Prompt:
What is wanted is every line below from the one with "NEVER WORN NWT" up to and including the one with "Bedding set 160x200", retyped exactly, pictures excluded, nothing else.

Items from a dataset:
··········
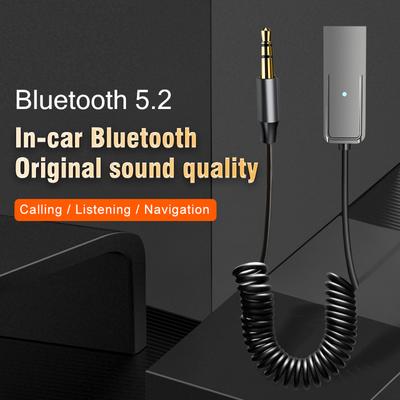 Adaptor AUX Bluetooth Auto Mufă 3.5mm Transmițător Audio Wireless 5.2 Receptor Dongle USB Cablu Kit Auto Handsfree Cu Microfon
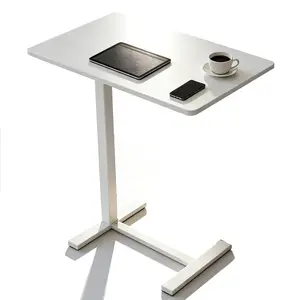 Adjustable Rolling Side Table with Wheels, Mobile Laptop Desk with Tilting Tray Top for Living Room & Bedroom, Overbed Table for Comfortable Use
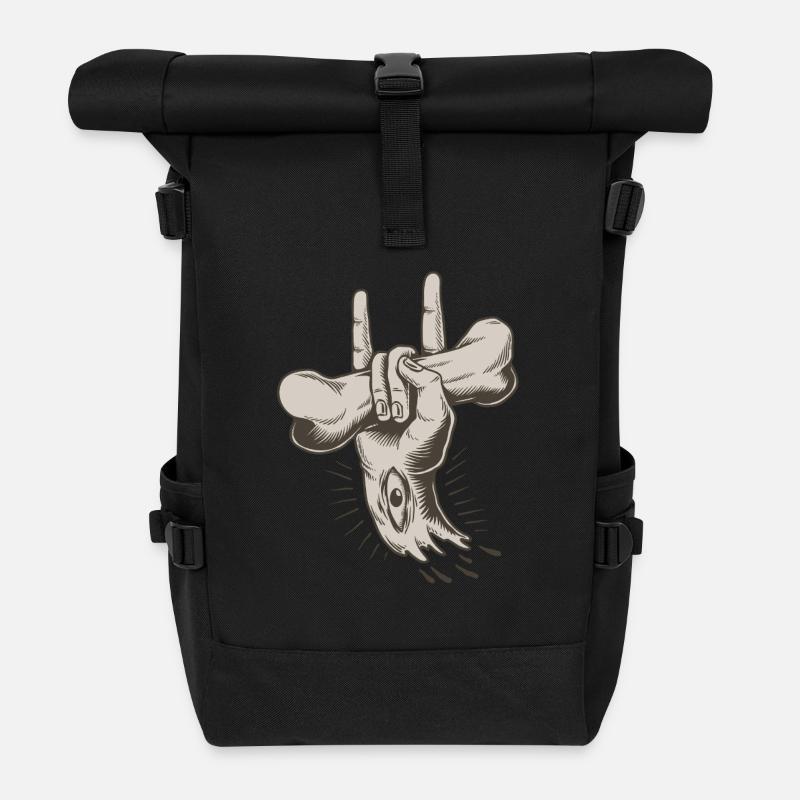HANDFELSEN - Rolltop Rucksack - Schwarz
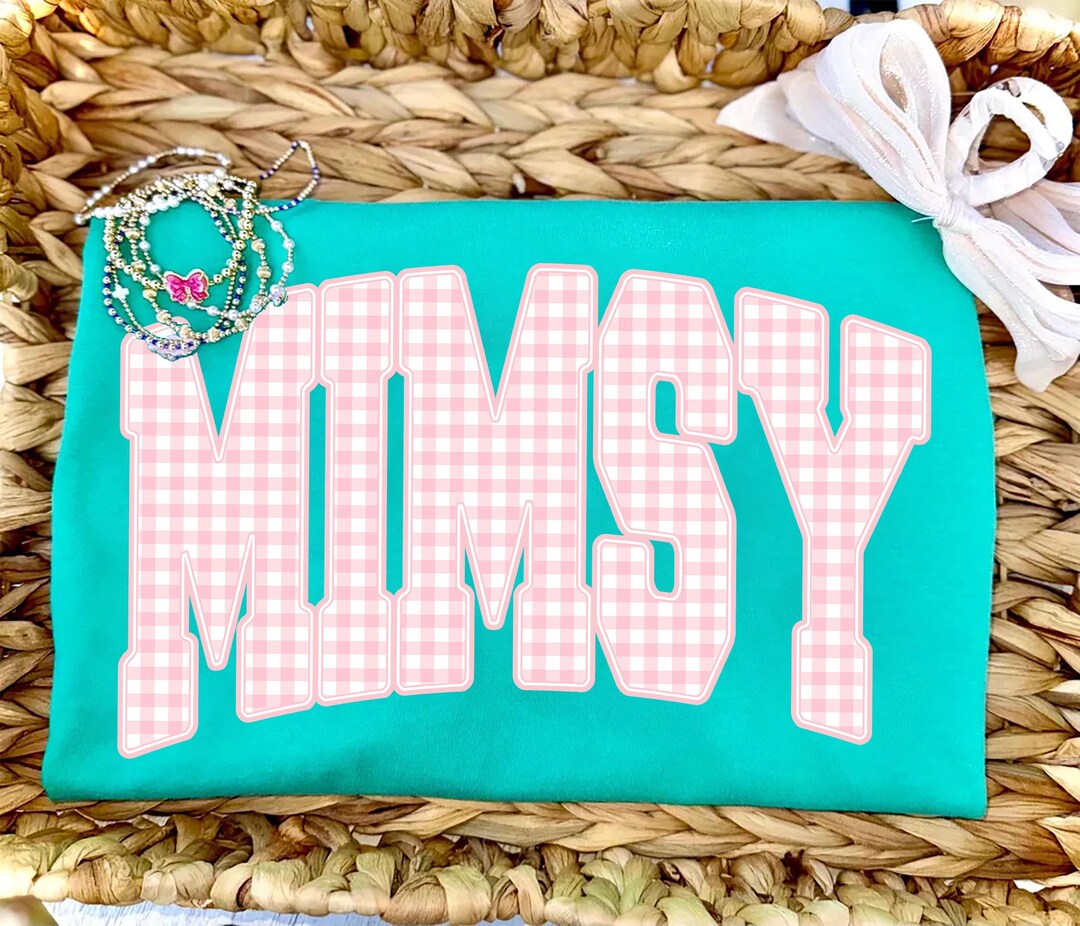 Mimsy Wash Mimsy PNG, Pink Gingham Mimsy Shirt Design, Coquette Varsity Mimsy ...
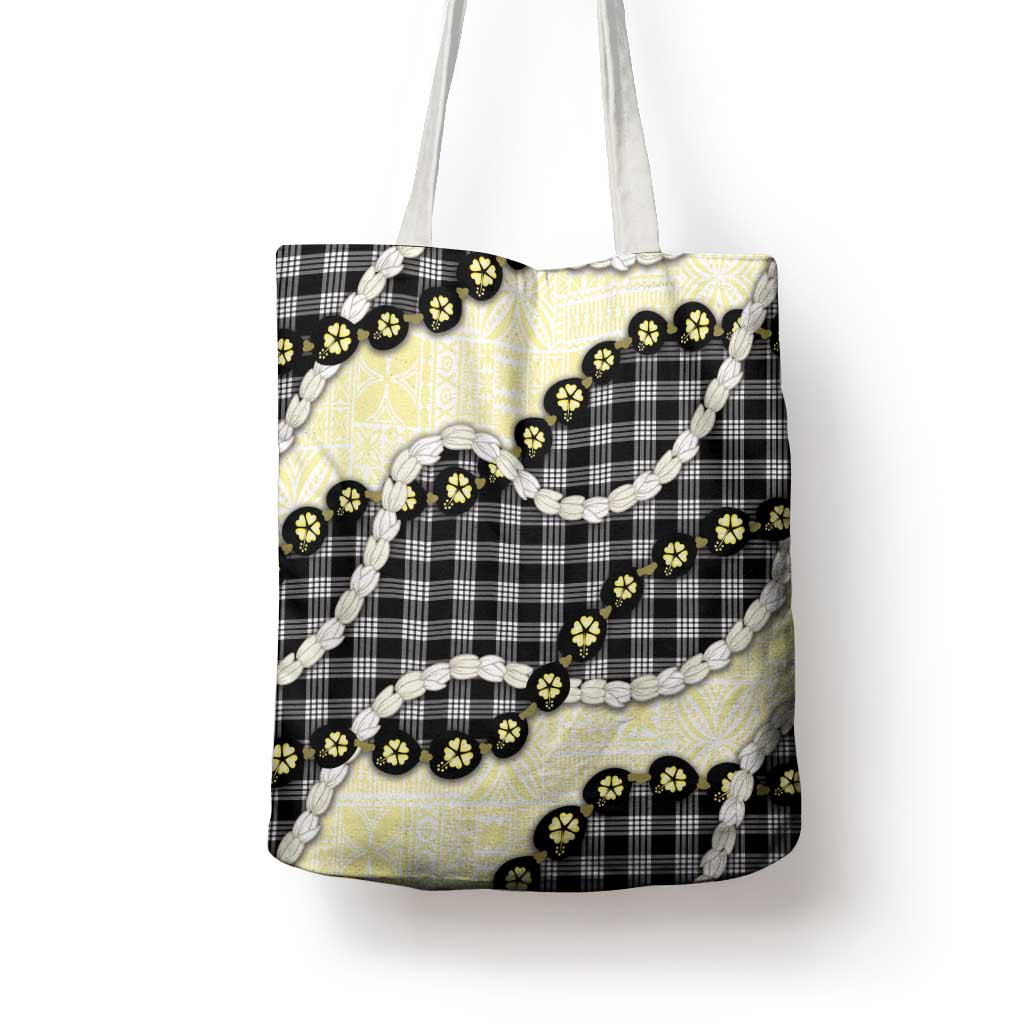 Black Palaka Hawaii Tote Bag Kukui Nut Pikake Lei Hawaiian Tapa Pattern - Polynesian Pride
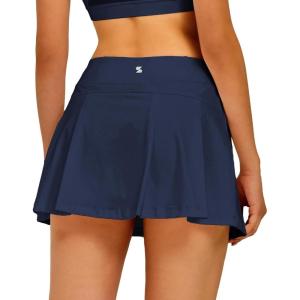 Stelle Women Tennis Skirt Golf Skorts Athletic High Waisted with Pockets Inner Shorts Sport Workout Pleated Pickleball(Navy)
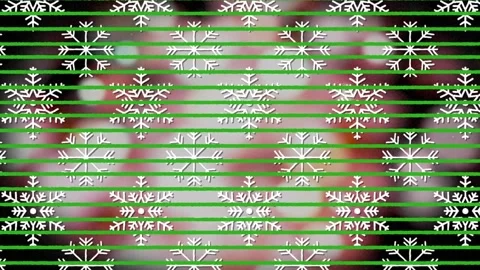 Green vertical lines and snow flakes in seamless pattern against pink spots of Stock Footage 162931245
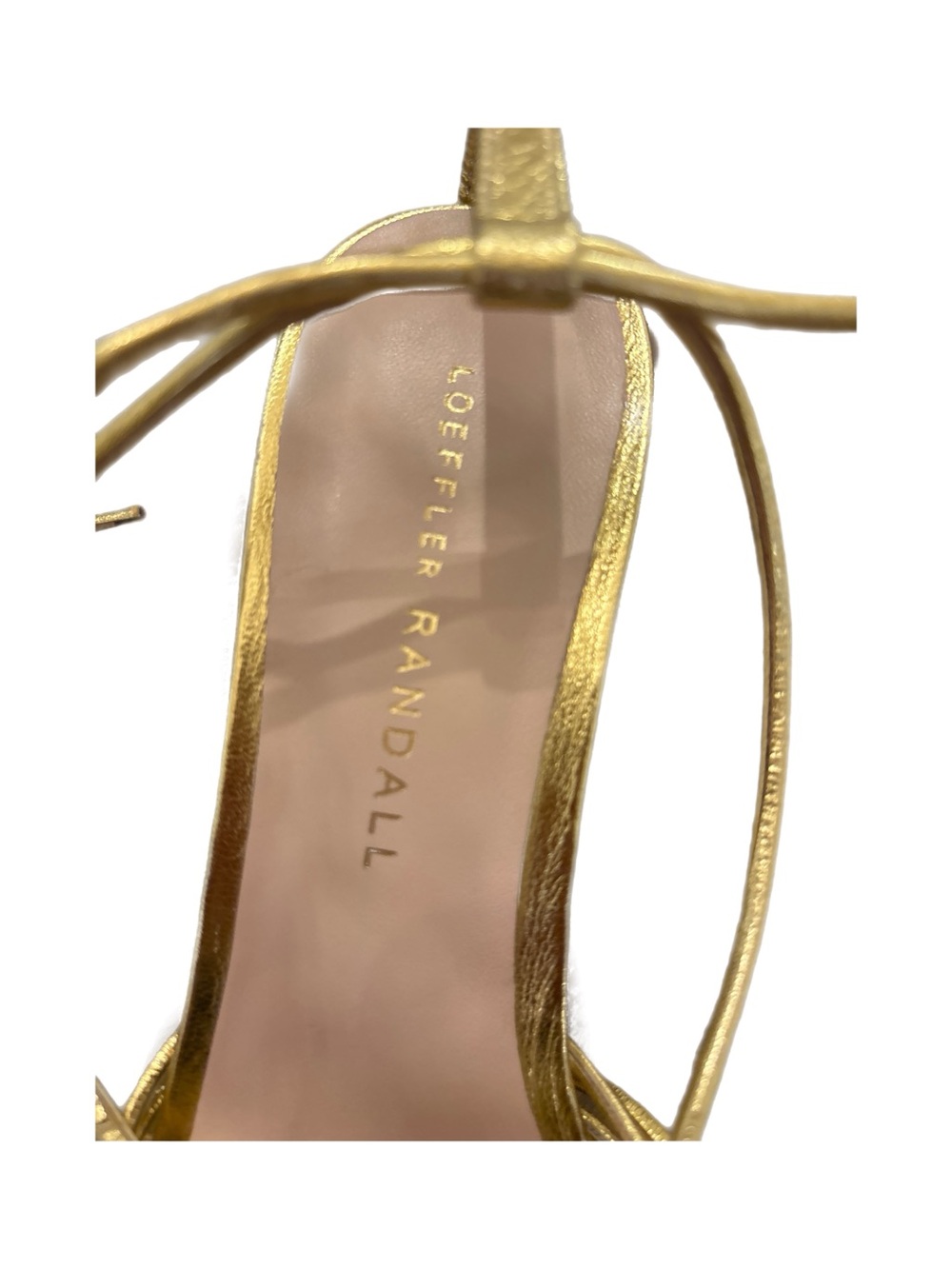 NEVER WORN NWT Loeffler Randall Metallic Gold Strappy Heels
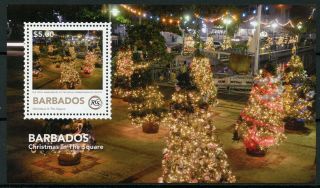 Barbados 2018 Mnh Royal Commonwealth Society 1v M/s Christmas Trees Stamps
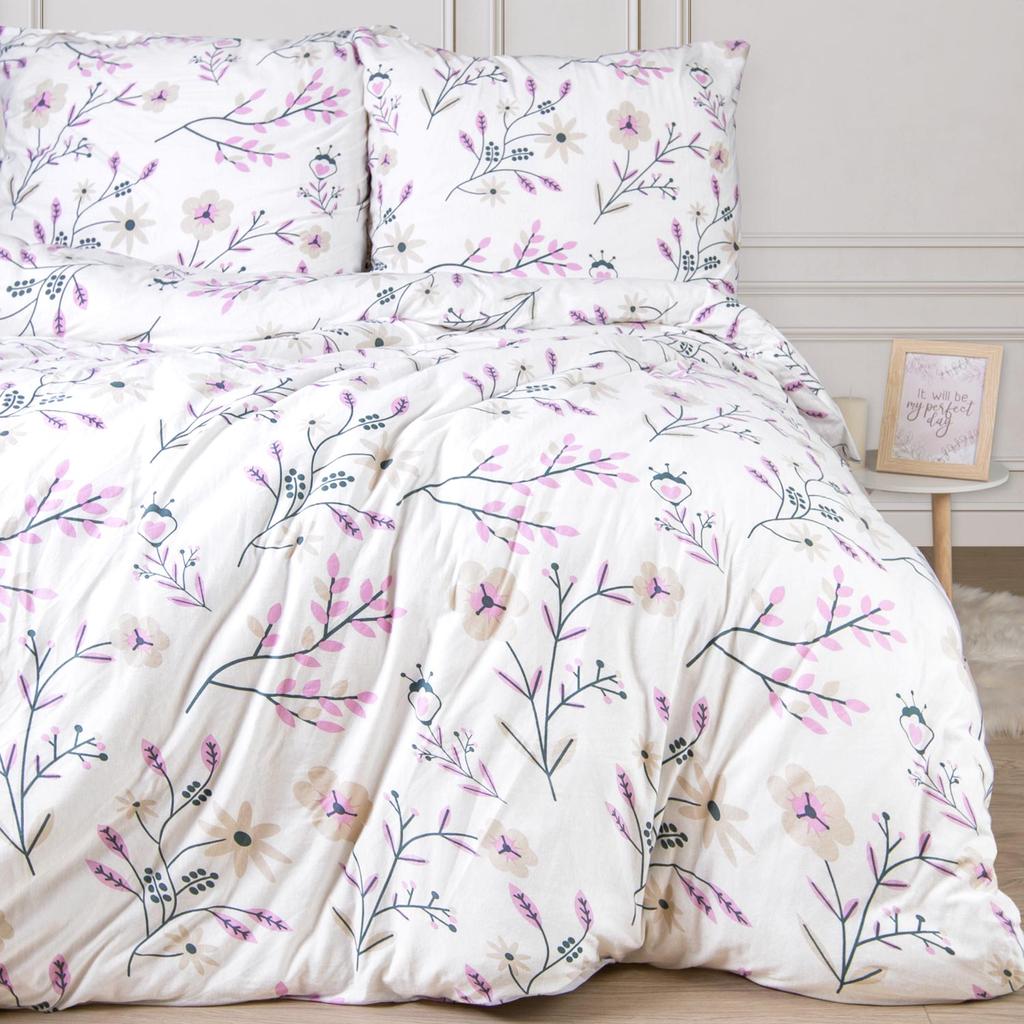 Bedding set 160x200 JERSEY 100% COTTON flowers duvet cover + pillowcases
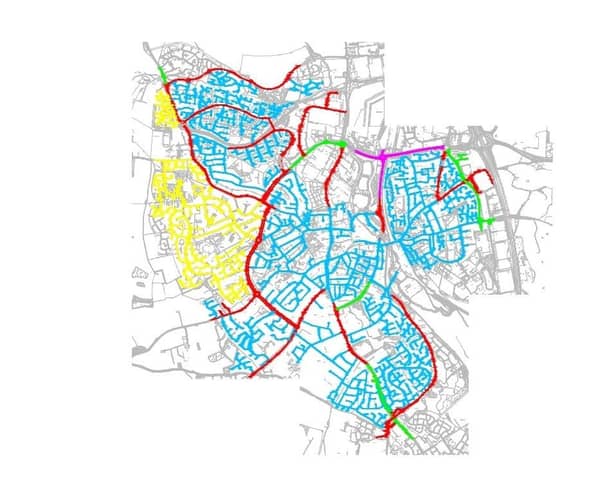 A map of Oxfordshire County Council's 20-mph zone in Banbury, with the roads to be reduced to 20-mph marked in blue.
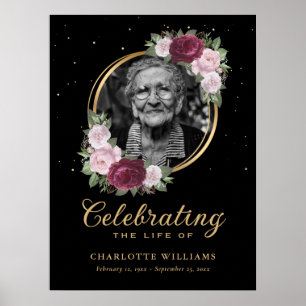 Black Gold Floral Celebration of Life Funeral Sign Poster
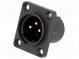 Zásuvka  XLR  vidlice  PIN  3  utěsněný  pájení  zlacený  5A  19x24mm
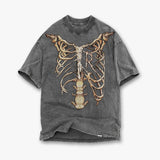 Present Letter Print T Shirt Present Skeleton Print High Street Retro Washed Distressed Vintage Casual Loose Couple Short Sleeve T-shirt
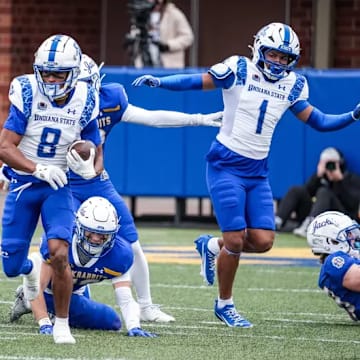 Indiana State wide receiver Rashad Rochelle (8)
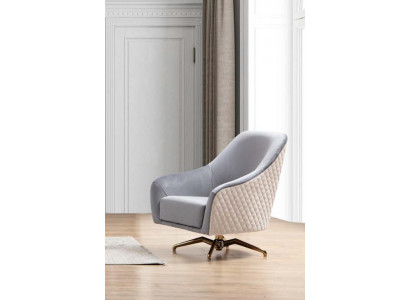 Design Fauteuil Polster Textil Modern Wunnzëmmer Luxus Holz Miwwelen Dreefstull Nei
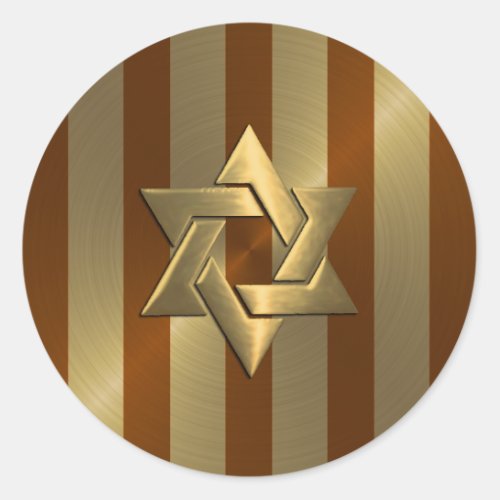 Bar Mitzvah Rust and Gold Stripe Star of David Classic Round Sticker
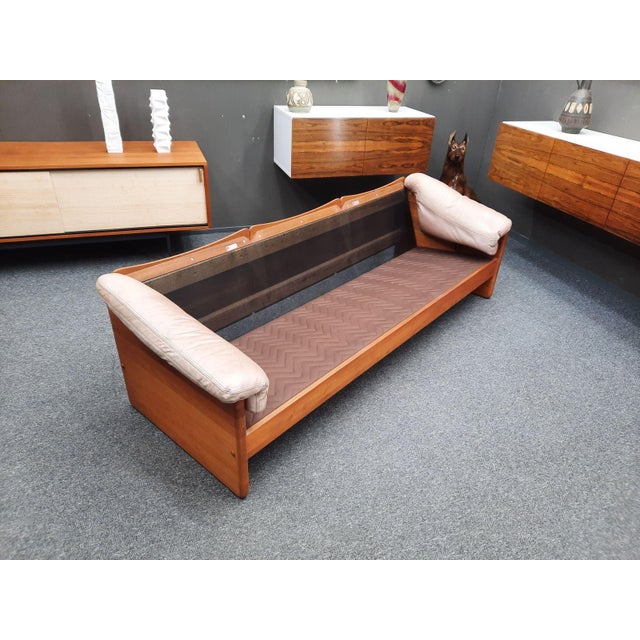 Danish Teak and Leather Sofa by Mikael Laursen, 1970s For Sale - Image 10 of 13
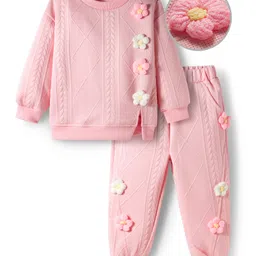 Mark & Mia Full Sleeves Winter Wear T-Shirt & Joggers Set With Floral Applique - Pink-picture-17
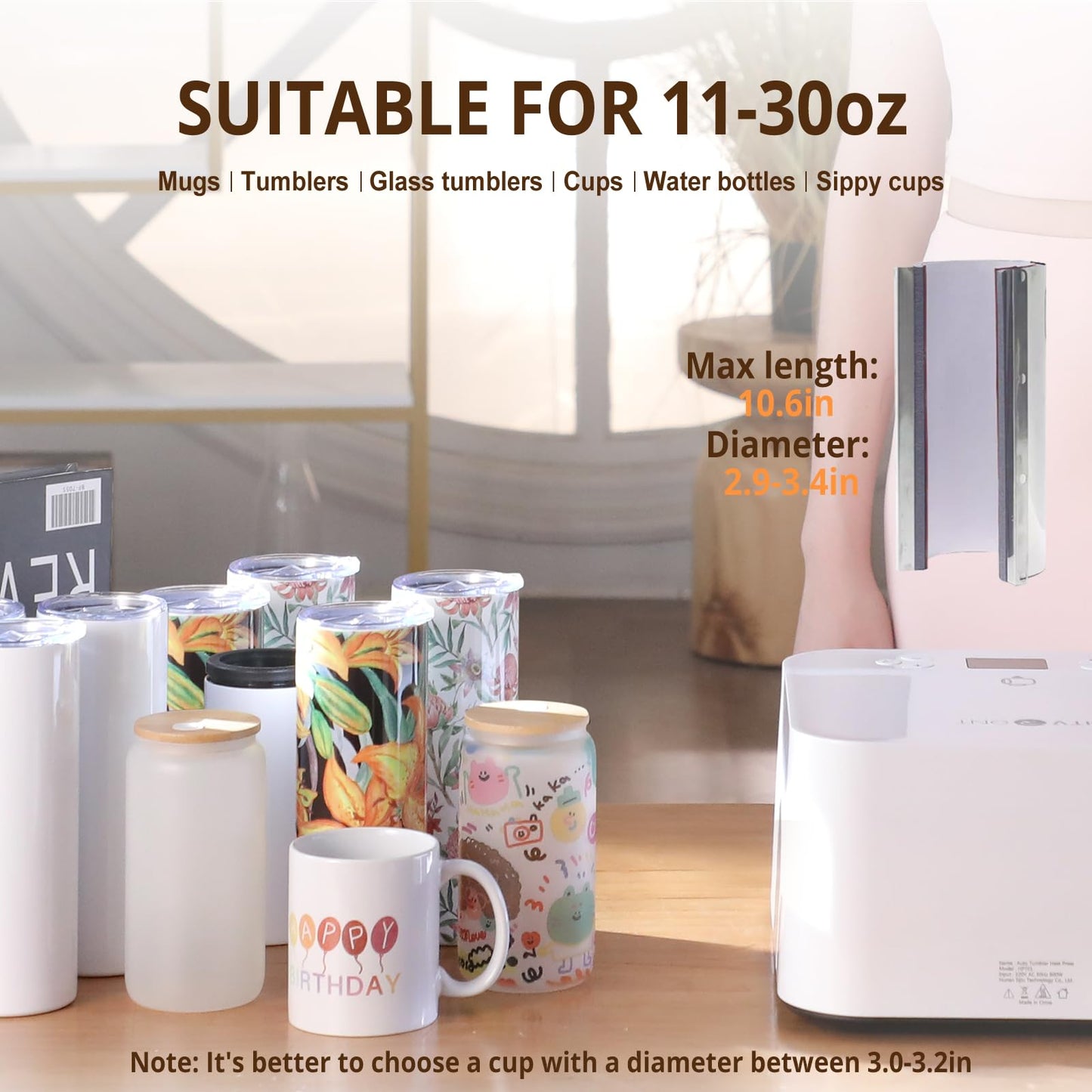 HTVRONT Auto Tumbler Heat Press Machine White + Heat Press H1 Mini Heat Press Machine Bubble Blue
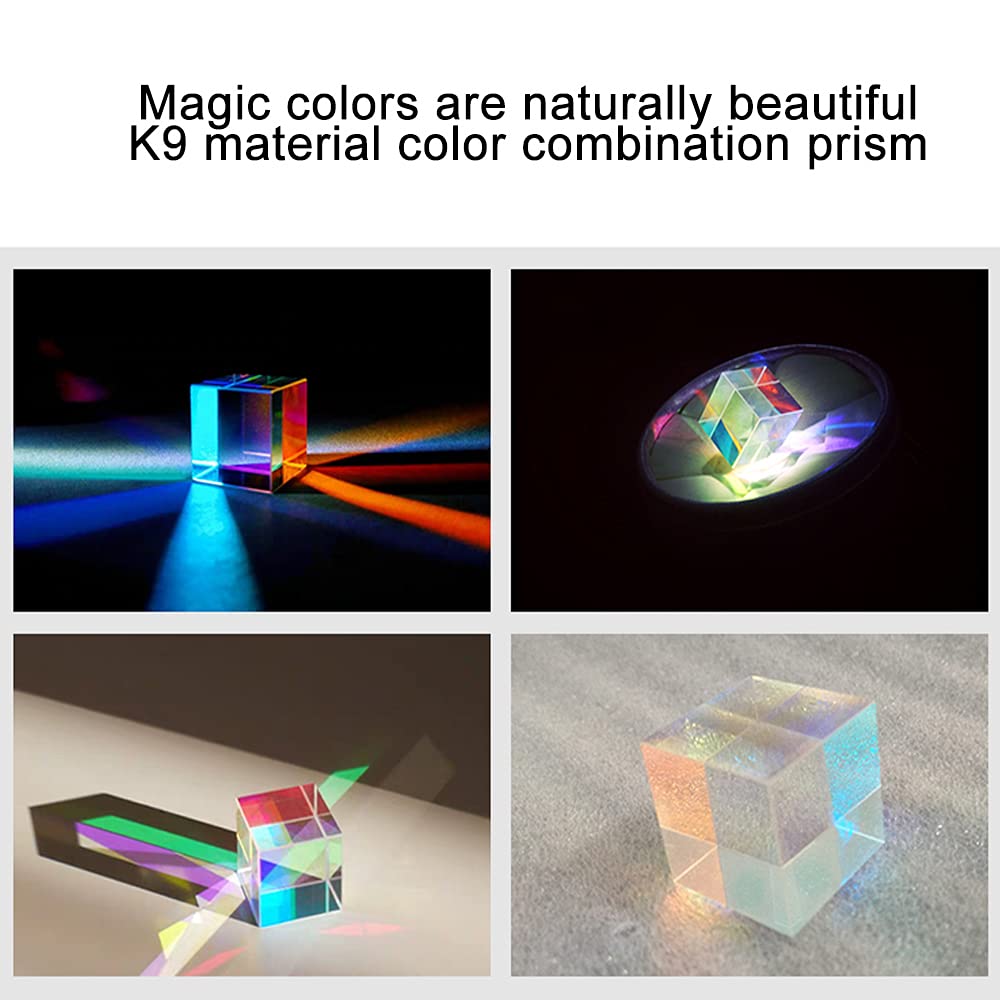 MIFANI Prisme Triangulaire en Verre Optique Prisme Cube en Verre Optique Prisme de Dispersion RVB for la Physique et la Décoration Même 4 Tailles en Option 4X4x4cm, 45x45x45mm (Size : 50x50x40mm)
··········
Output for this task:
 NEVER WORN NWT Loeffler Randall Metallic Gold Strappy Heels
 Barbados 2018 Mnh Royal Commonwealth Society 1v M/s Christmas Trees Stamps
 Bedding set 160x200 JERSEY 100% COTTON flowers duvet cover + pillowcases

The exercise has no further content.